A few days later, suddenly, sharing a waiter with other guests seems rather déclassé, or would be if we weren’t dining in classy Aquavit. Lady Diana Cooper once described Vita Sackville-West as “all aqua, no vita”. Not so this restaurant: aptly named after the Scandinavian spirit, it’s full of life. We’re here, for starters. Not just desserts. A Nordic invader of the New York scene in the 1980s, sweeping up two Michelin stars, it opened an outpost in Tokyo and has now come to Mayfair.
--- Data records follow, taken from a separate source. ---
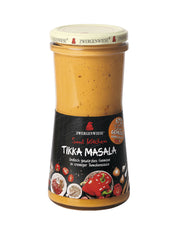 Bio Sos Tikka Masala Zwergenwiese 420 ml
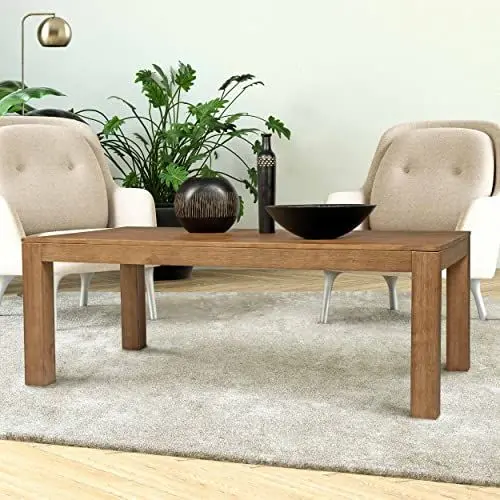 Produktbild: indoba Couchtisch, Akazie, Warm Brown, 110_x_60_cm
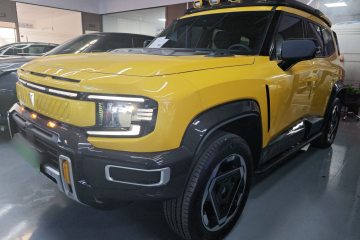 Used Deepal G318 2025 Worry-Free Adventure Edition Four-Wheel Drive Secret Realm Version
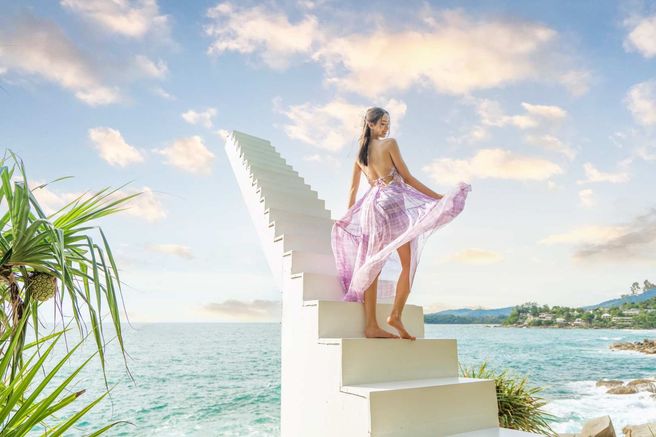 Phuket Rock Beach Swing Ticket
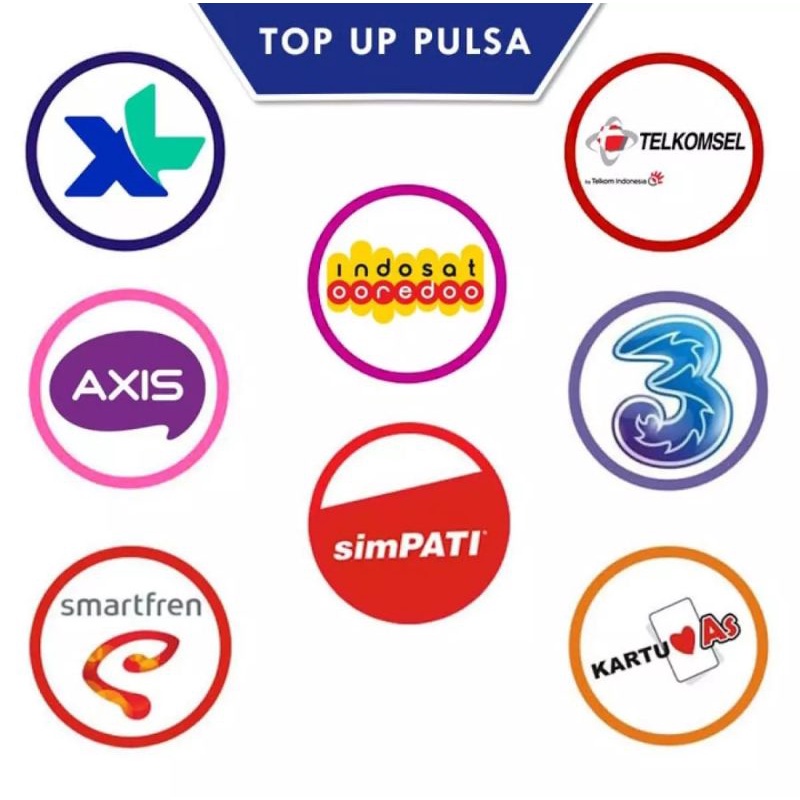 Bang bang kalian di codashop pakai indosat, dan dapatkan gratis kuota 5gb! Top Up Pulsa All Operator Token Pln Diamond Mobile Legend Koin Higs Domino Free Fire Shopee Indonesia
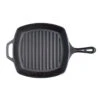 Lodge Gusseisen Grillpfanne Eckig, 26 X 26 Cm -GrillMeister Geschäft lodge gusseisen grillpfanne eckig 26 x 26 cm 88347c252eda596c2c1cd375fbbb1baf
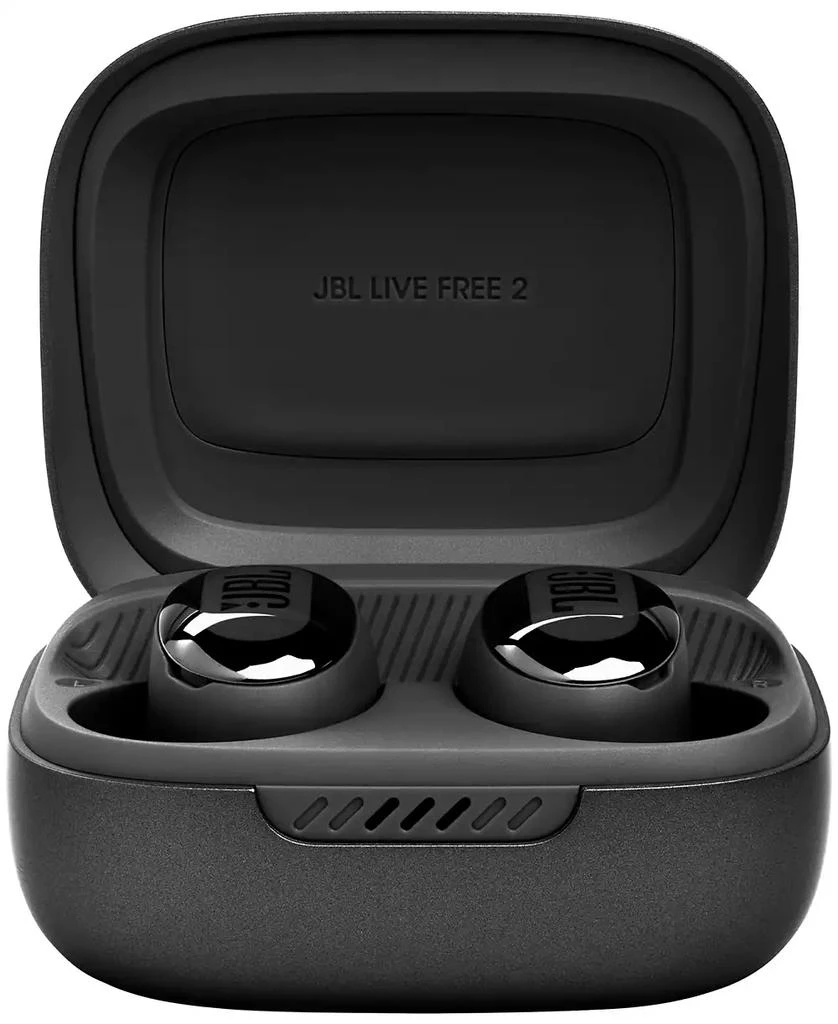 JBL Live Free 2 TWS Wireless Earbuds - Black 5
Shepherd Market is the foodie haven west of Piccadilly. St James’s Market, Aquavit’s address, is a new or at least reinvented Shepherd Market hopeful east of Piccadilly. It’s a discreet location on The Crown Estate, but more luxury restaurants and flagship stores are due to open shortly. “The location is coming,” we’d been told. Cultural additions to this heralded “new culinary hub” include a pavilion opposite Aquavit styled like a cabinet of curiosities. The disembodied voice of Stephen Fry reading an 18th century ballad “The Handsome Butcher of St James’s Market” floats above stacked dioramas.
In 1989, Country Life reported: “Until quite recently London lacked continental style brasseries. There has always been a wide choice of restaurants but the alternative to an expensive meal has been the ‘greasy spoon’ café, the pub or various questionable ‘takeaways’. Traditionally the City provided dining rooms, now almost extinct, together with a diet of boisterous restaurants such as Sweetings, the catering world’s equivalent of the floor of Lloyds or the Stock Exchange. But greater sophistication was demanded by a new generation keen on modern design, New York and cuisine, as opposed to cooking.”
That all changed with the arrival of Corbin + King and Richard Caring who have filled Mayfair and beyond with brasseries. Aquavit fits into the higher end of that mould. CEO Philip Hamilton says, “Our aim is to create a relaxed morning to midnight dining experience.” Handy, as we – the Supper Club (Lavender’s Blue plus) – all have Mayfair offices, from Park Lane to Piccadilly Circus. Scandi style has been ripped off so much by hipster hangouts but this is west, not east, London. Pared back lines allow the quality of the materials to shine (literally in some cases) through: marble floors climb up the dado to meet pale timber panelling, softly illuminated by dangling bangles of gold lights.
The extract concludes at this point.